Im Zuge des aktuellen Golf-Update bekommt auch der GTD eine Frischzellenkur. Äußerlich zeigen sich serienmäßige LED-Scheinwerfer mit geänderter Lichtsignatur für das Tagfahrlicht, neue Stoßfänger an Front und Heck und LED-Heckleuchten mit wischendem Blinker. Gewischt wird gegen Zuzahlung von üppigen 2.385 Euro auch im Cockpit, wenn hier das neue „Discover Pro“-Infotainmentsystem mit Gestensteuerung verbaut ist. Das funktioniert manchmal auch, das Thema ist im Video zum Fahrbericht über den Golf Highline abgehandelt.
Denn der Golf GTD-Testwagen weckt nicht mit Bits und Bytes, sondern mit einer neuen Hardware mein Interesse. An die unveränderte Antriebseinheit mit 135 kW / 184 PS ist ein neues 7-Gang-Doppelkupplungsgetriebe angeflanscht. Das kostet 2.000 Euro Aufpreis zur manuellen Schaltung und löst das bisherige DSG mit sechs Fahrstufen ab. Auch das neue Räderwerk kühlt seine Kupplungen im Ölbad, ist also nicht mit dem trockenen 7-Gang DSG für kleinere Motoren bis maximal 250 Nm Drehmoment zu verwechseln.
Schon auf dem ersten Meter bekommt das neue Getriebe von mir den Daumen nach oben. Denn der Schwachpunkt der bisherigen Einheit ist ausgemerzt: Beim Anfahren konnte sich das 6-Gang DSG nicht so richtig mit dem Zweiliter TDI einig werden, wer denn jetzt mal loslegt. Während der Turbolader im Motorraum noch Luft holte, kam die Fuhre langsam in Schwung. Allzu leicht war man versucht, den Fuß stärker auf das Gaspedal zu drücken. Prompt machte das Auto einen ungelenken Satz nach vorne.
Mit der zusätzlichen Fahrstufe und der damit geänderten Spreizung der Gänge konnten die Ingenieure dieses unwirsche Anfahrverhalten ein gutes Stück in die Schranken weisen.
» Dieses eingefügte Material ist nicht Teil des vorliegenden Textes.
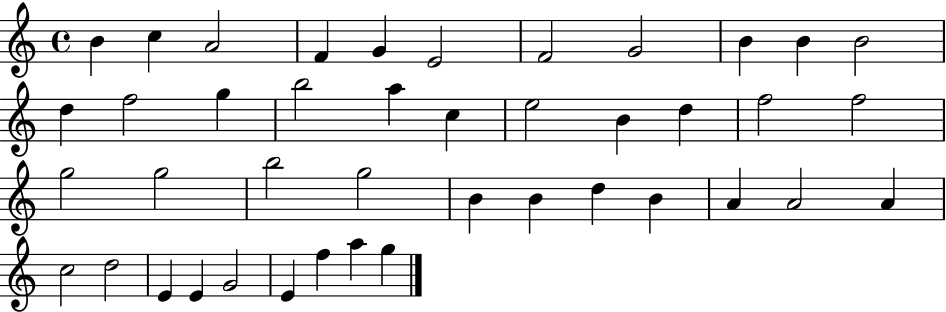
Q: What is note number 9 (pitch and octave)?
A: B4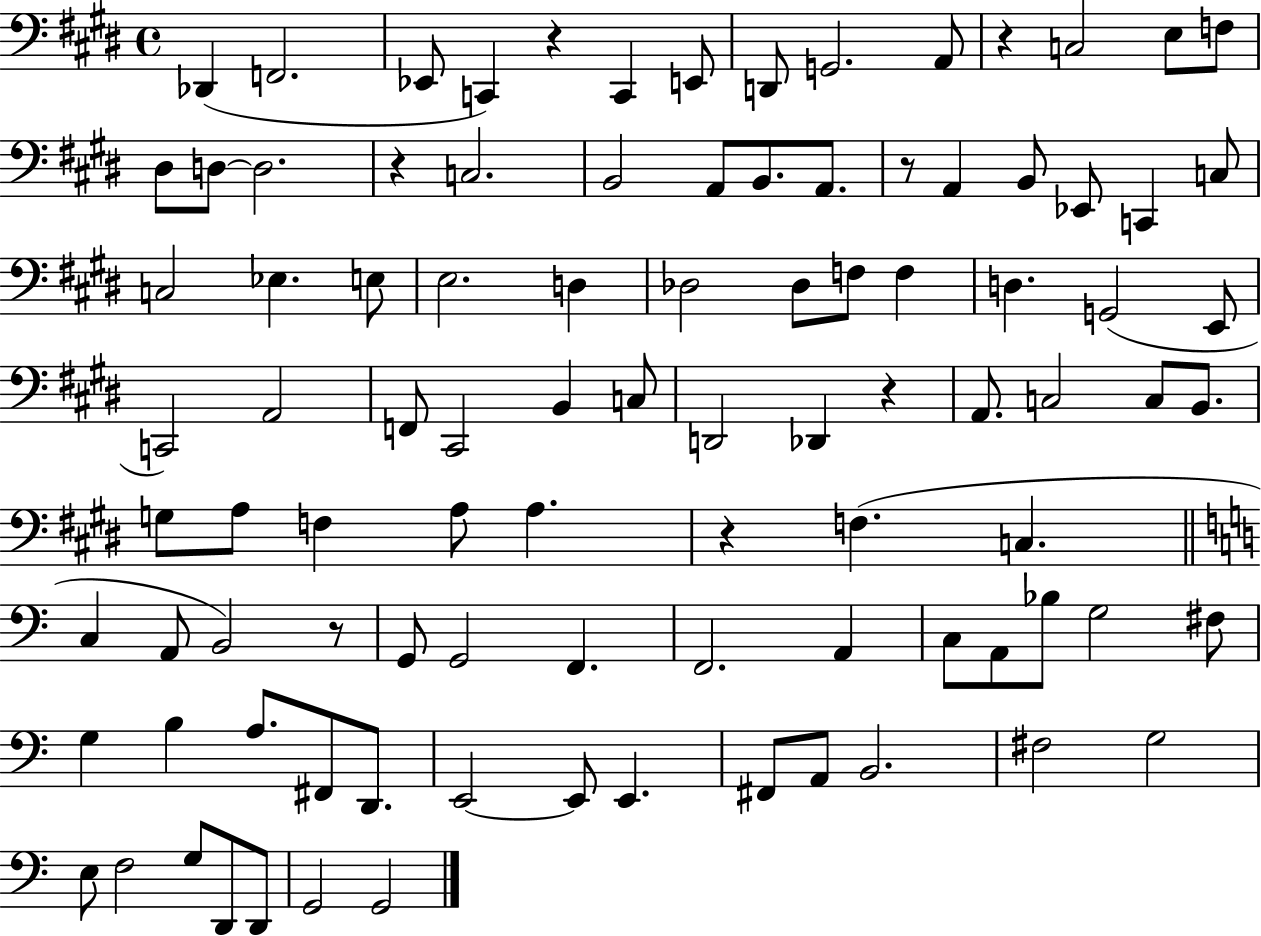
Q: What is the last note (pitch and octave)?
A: G2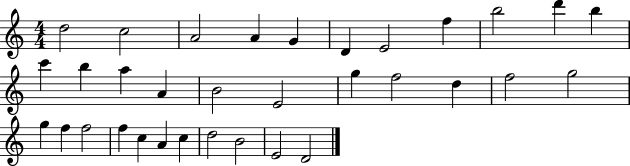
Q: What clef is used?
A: treble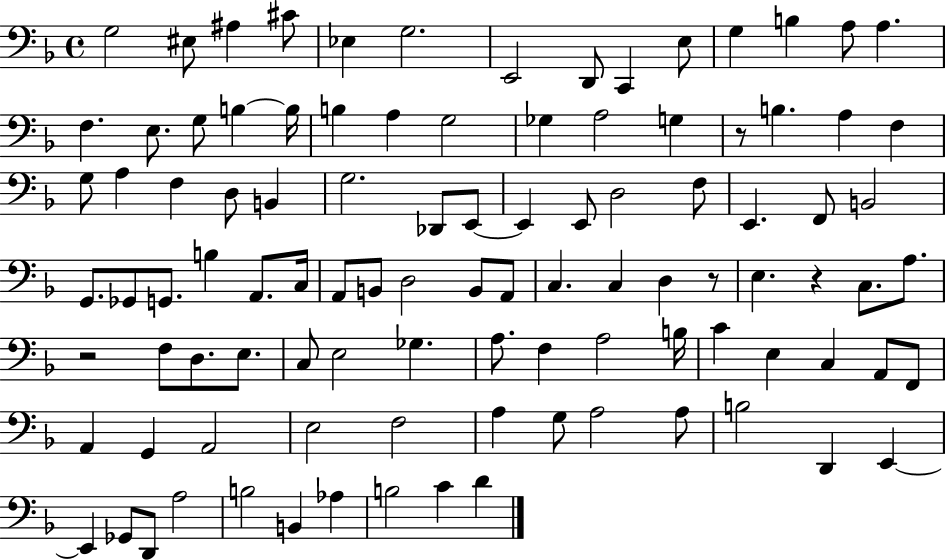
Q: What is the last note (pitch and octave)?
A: D4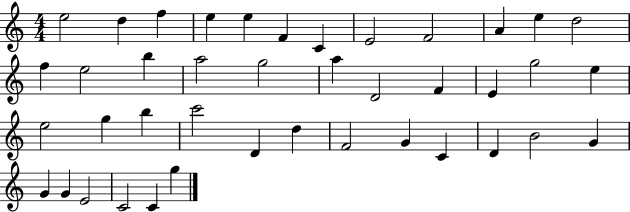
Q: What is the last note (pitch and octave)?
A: G5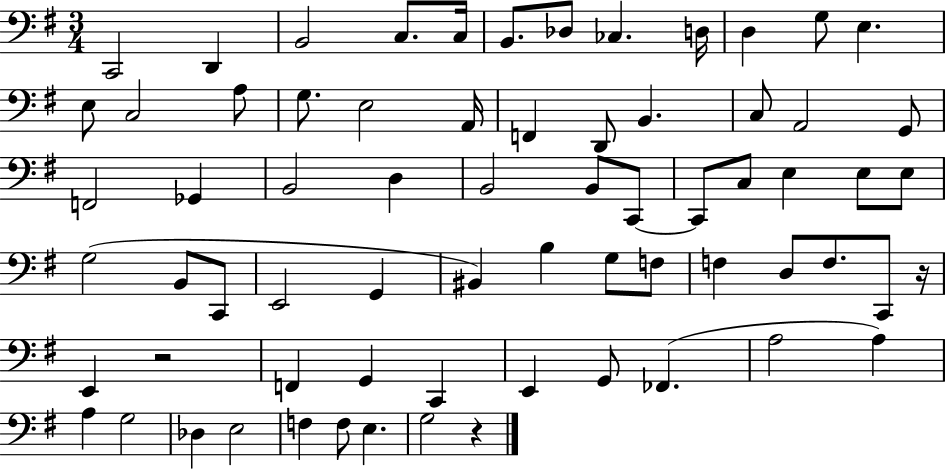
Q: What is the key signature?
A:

Ansonsten verspricht VW eine Verbrauchsersparnis von 0,3 Litern Diesel auf 100 Kilometer, die ich bei den ersten Probefahrten noch nicht nachprüfen konnte. Die Bordcomputerinformation von erfahrenen 6,4 Litern auf 100 Kilometer geht angesichts der dynamischen Fahrweise in Ordnung. Schöner wäre allerdings die Ersparnis eines anderen Mineralölproduktes. Wann VW es wohl schafft, dem DSG die alle 60.000 Kilometer fälligen und recht komplexen Getriebeölwechsel wegzukonstruieren?
Einmal in Fahrt gibt sich der Golf auch als GTD wie gewohnt. Und das wird für den sportlichen Diesel zur Herausforderung. Er entspricht meiner Meinung nach nämlich nicht dem Anspruch der Baureihe, das unaufgeregte Auto für alle Lebenslagen zu sein, um das man sich keine Gedanken macht. Das liegt nicht am plump modulierten, künstlichen Klang des Diesels. Auch nicht am sportlichen Setup im Innenraum mit den gut passenden Sportsitzen und dem schönen Dreispeichenlenkrad. Es ist die Kombination.
Es ist wie der Irrglaube vieler Menschen, mit Cola Light abnehmen zu können. Ein kompromisslos sportlicher Golf mit Diesel unter der Haube geht leider nicht. Wo der GTI – und in seiner Art und Weise auch der Plug-in Hybrid GTE – eine gelungene Trainingseinheit darstellen, ruft Dir der knurrige TDI im Golf GTD stets zu: „Denk immer daran, wir sehen sportlich aus, wir wollen sportlich sein, aber irgendwie ist die Diät doch wichtiger“.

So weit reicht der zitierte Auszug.